■ Aim of the task ■
When you reach the line with "Exterior view of" in the data below, begin printing lines exactly, and stop once the line with "Villa Welcoming Chalet" has been printed.

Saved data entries

┌──

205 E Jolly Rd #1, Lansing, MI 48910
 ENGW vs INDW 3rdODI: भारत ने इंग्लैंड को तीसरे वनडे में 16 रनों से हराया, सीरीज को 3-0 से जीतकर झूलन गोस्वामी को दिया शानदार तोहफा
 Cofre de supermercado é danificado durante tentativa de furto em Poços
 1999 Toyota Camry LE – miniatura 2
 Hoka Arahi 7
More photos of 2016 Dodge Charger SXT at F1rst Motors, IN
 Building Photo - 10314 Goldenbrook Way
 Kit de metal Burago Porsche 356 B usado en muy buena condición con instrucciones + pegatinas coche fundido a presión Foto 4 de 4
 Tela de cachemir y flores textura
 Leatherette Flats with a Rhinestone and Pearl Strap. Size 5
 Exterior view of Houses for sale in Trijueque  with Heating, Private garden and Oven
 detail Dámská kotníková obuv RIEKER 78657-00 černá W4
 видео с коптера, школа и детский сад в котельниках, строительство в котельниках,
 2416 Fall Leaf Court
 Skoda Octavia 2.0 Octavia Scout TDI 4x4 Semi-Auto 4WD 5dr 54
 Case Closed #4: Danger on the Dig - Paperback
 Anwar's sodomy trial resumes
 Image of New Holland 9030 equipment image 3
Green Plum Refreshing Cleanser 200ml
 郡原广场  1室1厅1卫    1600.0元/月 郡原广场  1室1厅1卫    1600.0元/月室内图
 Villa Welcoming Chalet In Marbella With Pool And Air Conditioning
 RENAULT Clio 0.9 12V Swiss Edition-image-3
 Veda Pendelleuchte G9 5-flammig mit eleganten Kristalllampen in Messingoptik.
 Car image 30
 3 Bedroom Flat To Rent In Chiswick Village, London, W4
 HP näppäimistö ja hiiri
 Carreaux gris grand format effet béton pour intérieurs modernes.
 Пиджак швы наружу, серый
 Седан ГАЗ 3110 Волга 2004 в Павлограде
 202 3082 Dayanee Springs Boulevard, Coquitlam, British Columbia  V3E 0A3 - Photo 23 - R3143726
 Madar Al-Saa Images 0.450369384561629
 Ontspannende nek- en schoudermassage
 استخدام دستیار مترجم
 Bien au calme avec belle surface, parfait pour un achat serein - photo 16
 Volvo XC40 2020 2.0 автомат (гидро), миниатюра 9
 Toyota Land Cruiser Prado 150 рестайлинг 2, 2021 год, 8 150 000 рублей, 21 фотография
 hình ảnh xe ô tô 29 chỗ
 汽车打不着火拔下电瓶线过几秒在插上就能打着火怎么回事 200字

└──

■ Exercise response ■
 Exterior view of Houses for sale in Trijueque  with Heating, Private garden and Oven
 detail Dámská kotníková obuv RIEKER 78657-00 černá W4
 видео с коптера, школа и детский сад в котельниках, строительство в котельниках,
 2416 Fall Leaf Court
 Skoda Octavia 2.0 Octavia Scout TDI 4x4 Semi-Auto 4WD 5dr 54
 Case Closed #4: Danger on the Dig - Paperback
 Anwar's sodomy trial resumes
 Image of New Holland 9030 equipment image 3
Green Plum Refreshing Cleanser 200ml
 郡原广场  1室1厅1卫    1600.0元/月 郡原广场  1室1厅1卫    1600.0元/月室内图
 Villa Welcoming Chalet In Marbella With Pool And Air Conditioning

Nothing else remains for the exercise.